* [Action item]: As an exercise in exact copying, transcribe the lines below from the one holding "Đại Giới Đàn" through the last, with both ends included and pictures left out.

* [Task data]:
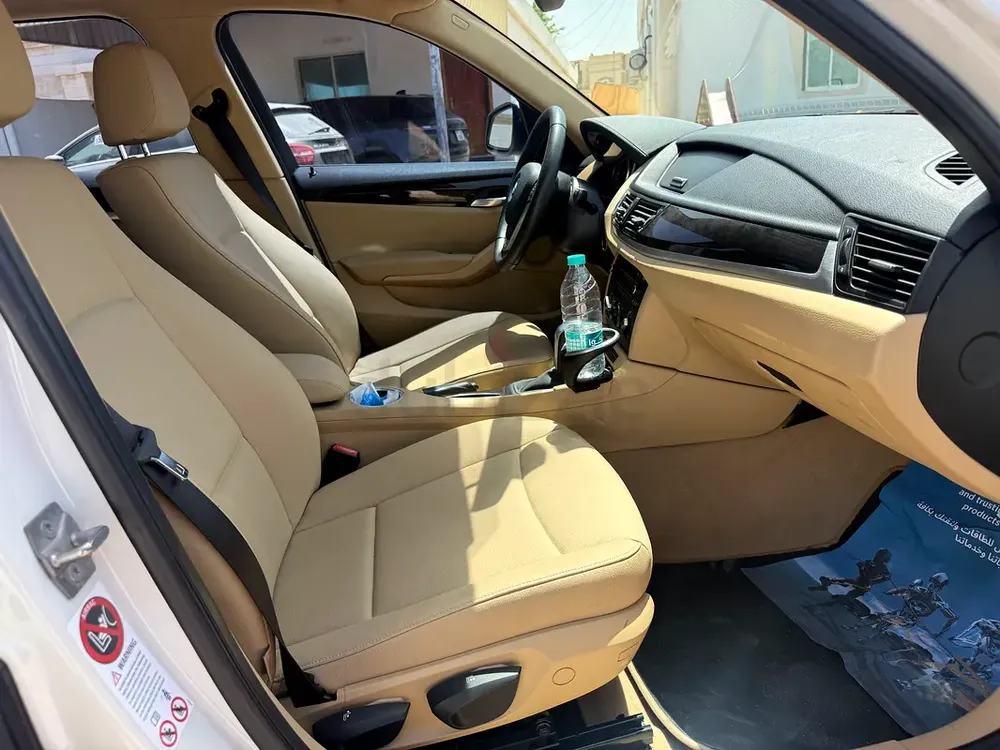 BMW X1 2015 GCC Specs - Well Maintained Luxury Compact SUV - Image 16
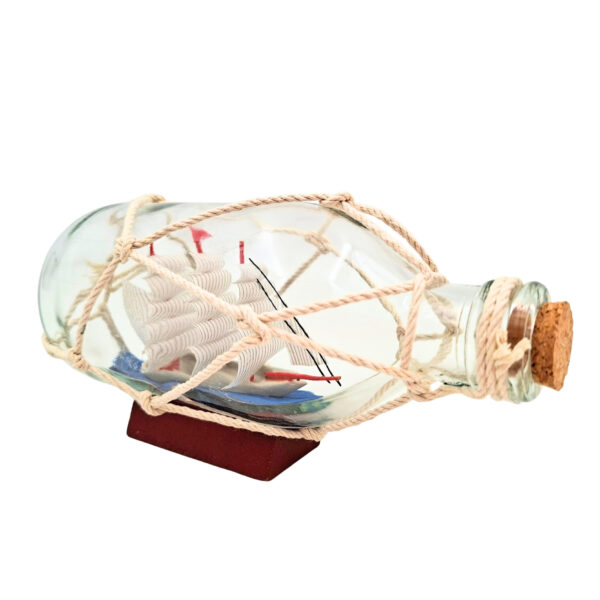 Schiff in der Flasche auf Holzsockel – Maritime Deko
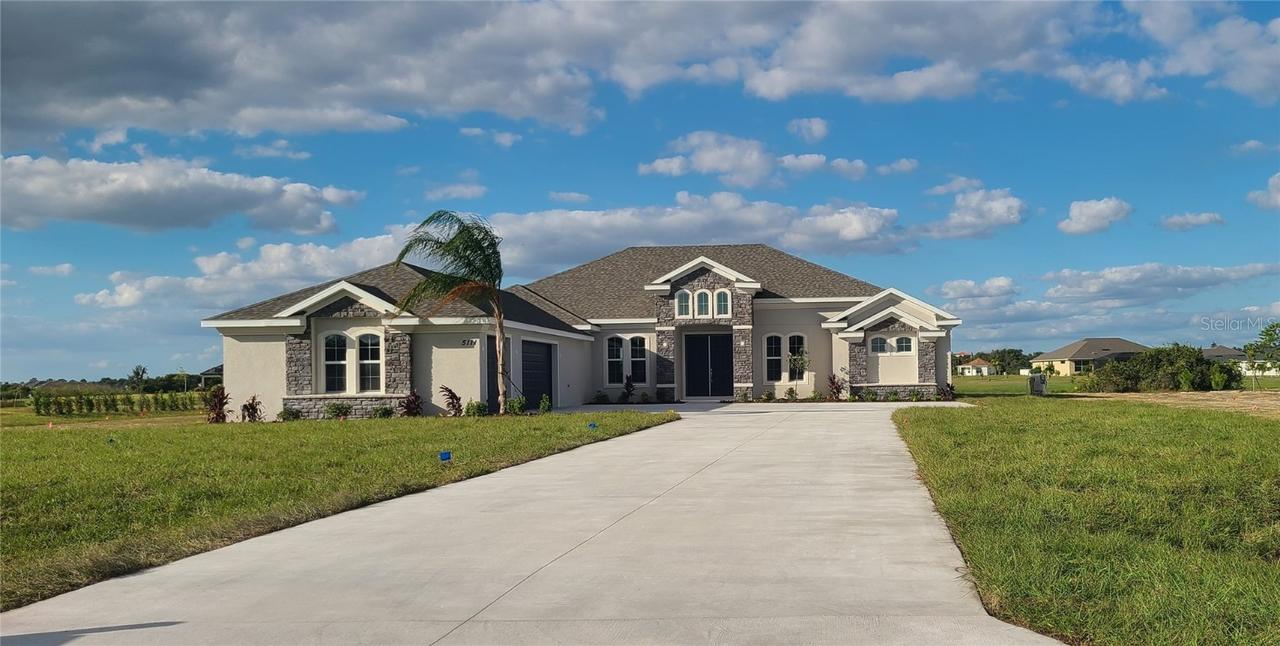 5111 Lake Toscana Dr., Wimauma, FL 33598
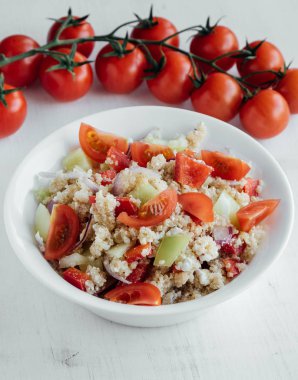 sağlıklı quinoa salata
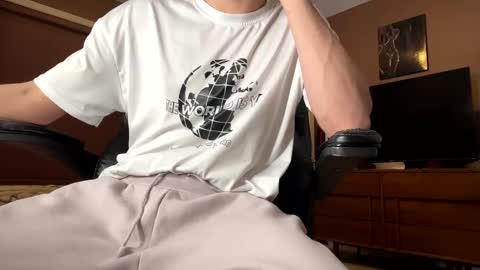 Snapshot of jjjjjfive chatting on February 13, 2025, 10:02 am jjjjjfive online show from February 13, 2025, 10:02 am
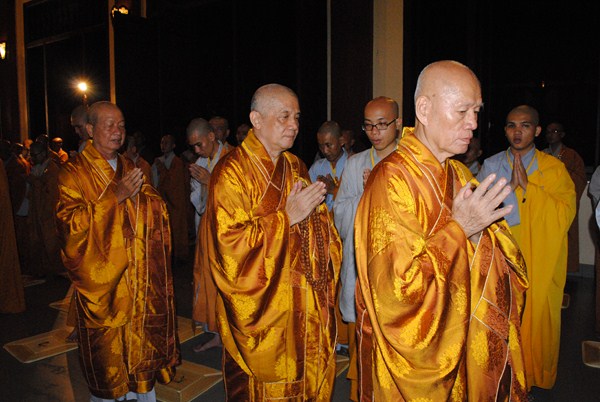 Đại Giới Đàn Quảng Đức: Kết Đàn Tụng Kinh Di Giáo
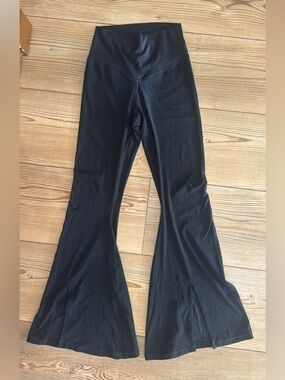 Offline by Aerie black flare leggings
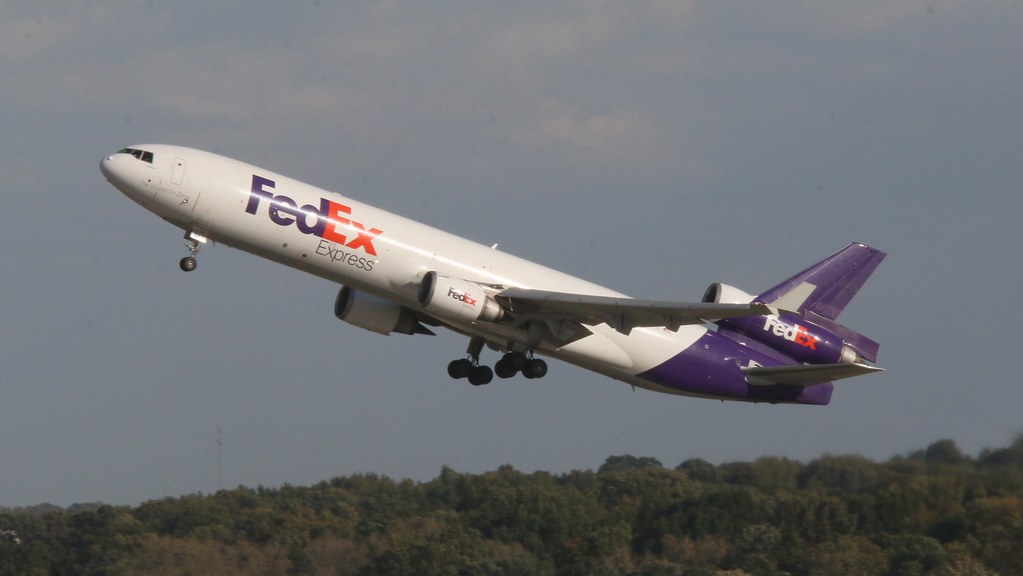 Photo of Fedex N583FE, McDonnell Douglas MD-11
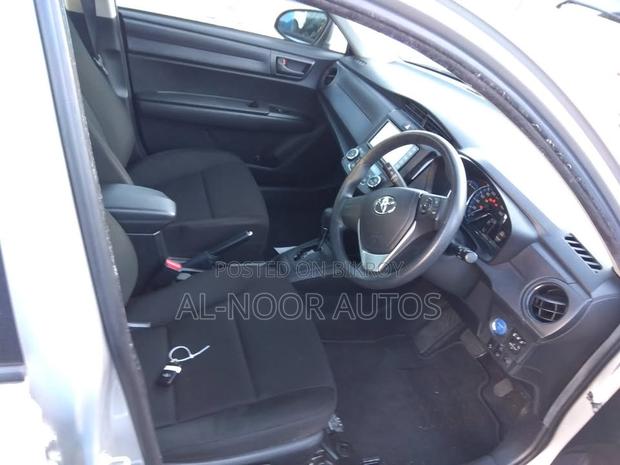Toyota Axio 2021 Silver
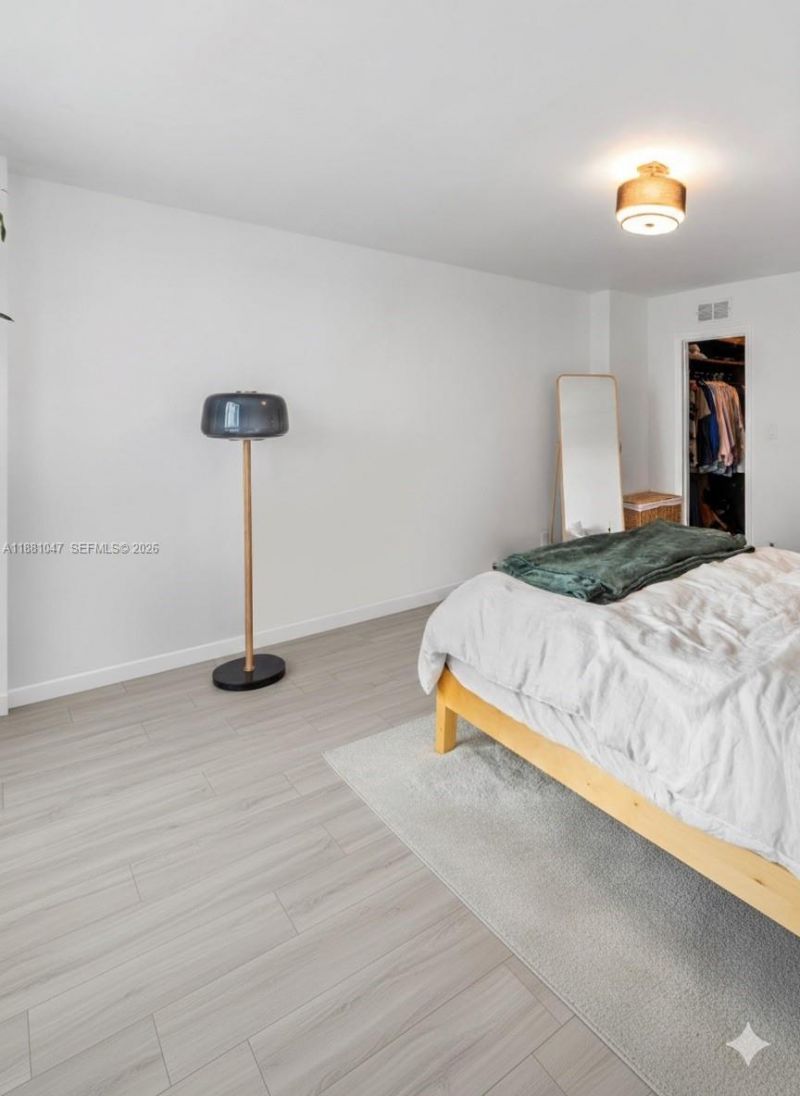 2655 Collins Ave, Unit 510, Miami Beach, FL 33140 Photo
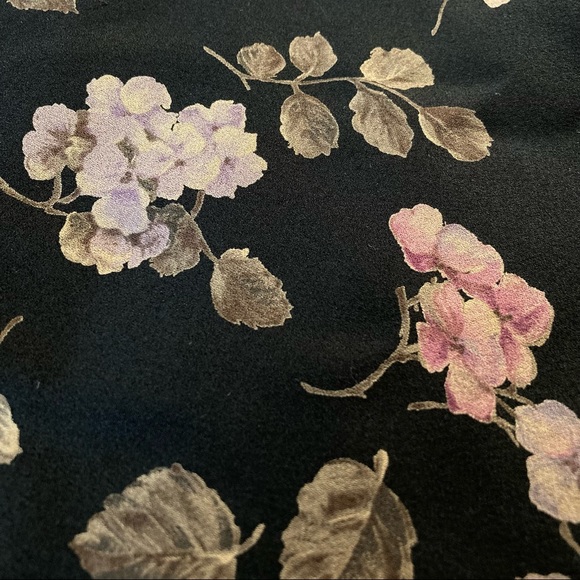 100% SILK SKIRT, GORGEOUS FLORAL PATTERN - Picture 2 of 11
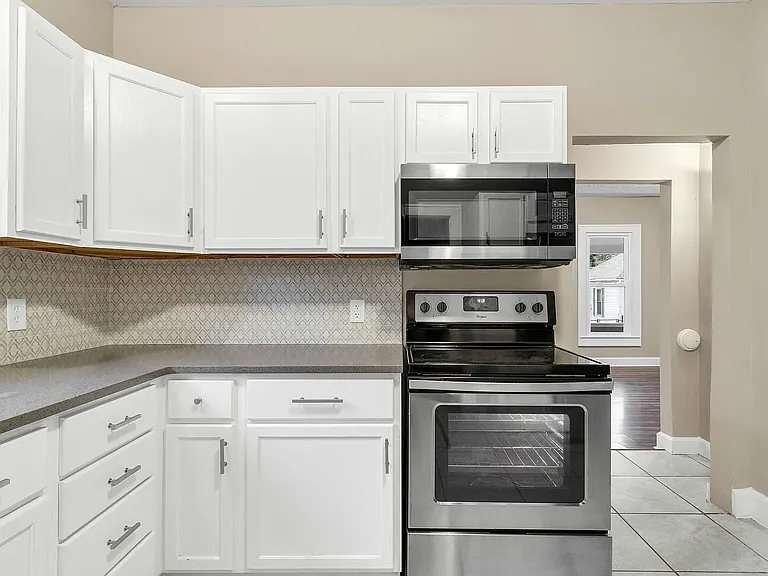 330 Bernard Ave — Photo 18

* [Your response]:
 Đại Giới Đàn Quảng Đức: Kết Đàn Tụng Kinh Di Giáo
 Offline by Aerie black flare leggings
 Photo of Fedex N583FE, McDonnell Douglas MD-11
Toyota Axio 2021 Silver
 2655 Collins Ave, Unit 510, Miami Beach, FL 33140 Photo
 100% SILK SKIRT, GORGEOUS FLORAL PATTERN - Picture 2 of 11
 330 Bernard Ave — Photo 18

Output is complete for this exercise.